PSF: Isn’t that kind of a contradiction though since a lot of it in the last few years has managed to sell well?

XGAU: Well, not as far as the people who take the idea seriously are concerned. The bands are obviously faced with a certain philosophical dilemma. But I actually think that the bands do continue to understand it in an emotional way because in fact they want to sell a lot of records, or at least they think it might be cool to sell a lot of records. You know the song on the Thomas Jefferson Slave Apartments record about "The Rock ‘n’ Roll Hall of Fame"?

PSF: Oh, yeah. Where they say they’re gonna see Eric Clapton’s dead baby and David Crosby's liver?

XGAU: That’s right. You know, that’s a good take on that. It’s more the fans than ideologues though. And I just think that’s the reason we get a lot of lame music. It gets hyped to the skies besides in fanzines and lower level alternative press. I’m not saying that this isn’t a genuine dilemma or that bad things can’t happen to your music when the wrong people like it but it’s part of the danger of doing it.

PSF: But the things you’re talking about aren’t necessarily new. The fact that there are fanzines around that dig up these lesser-known bands, that even if these bands are small time, they eventually do, at some level or another, want to be accepted by a larger audience.

XGAU: Some of them do, some of them don’t. Some of them don’t give it much thought, I think.
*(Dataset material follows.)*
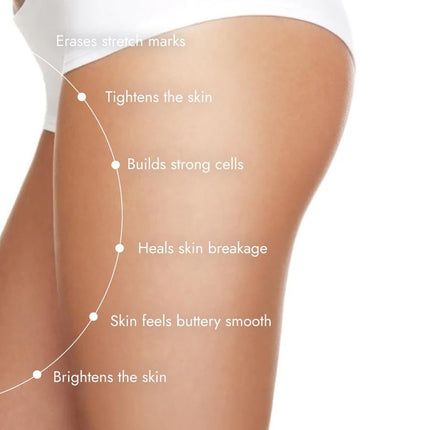 Cos-IQ Stretch Marks Removal Roll-On Serum with Striover | 40ml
Some of them are genuinely surprised when it happens.

PSF: But what do you think has been different about alternative or semi-popular music recently?

XGAU: Well, I mean, everything changed with Nirvana. That’s all. Before Nirvana, there was REM, a very important phenonemenon. The other thing I would say is that there has been no diminuition in the number of obscure releases or marginal print or on-line journals in which such consumer items are discussed. I would say there’s probably more now than there were 5 years ago.

PSF: Oh, yeah. Absolutely. Just look at our zine...

XGAU: And that isn’t entirely because there are thousands of bands trying to jump on the gravy train, forming bands like Better than Ezra. I actually think it’s just that a certain level of action was occasioned by this explosion and a lot of people just fall in between. Maybe people who aren’t especially bright or creative or driven to create music are more likely to make music whereas the truly bright and creative people are turned off by the whole process. It seems less hip to them so they’re not gonna participate in the same certain numbers.

PSF: Do you have any examples in mind about this?

XGAU: Silverchair is the perfect example. I have no personal contempt for them. They're too young. What can you fault them for? They just went out and wanted to make a record and they're totally unoriginal. They probably won't be around for too long. They epitomize what I'm talking about. On the other hand, they are a lot of people who form bands who know a lot, who are more subtle and they're more imaginitive than Silverchair and they're are of a little more value to me. You know, it's stuff that's not so horrible but I hope that I never had to play again. Luckily, it's possible to buy another record instead.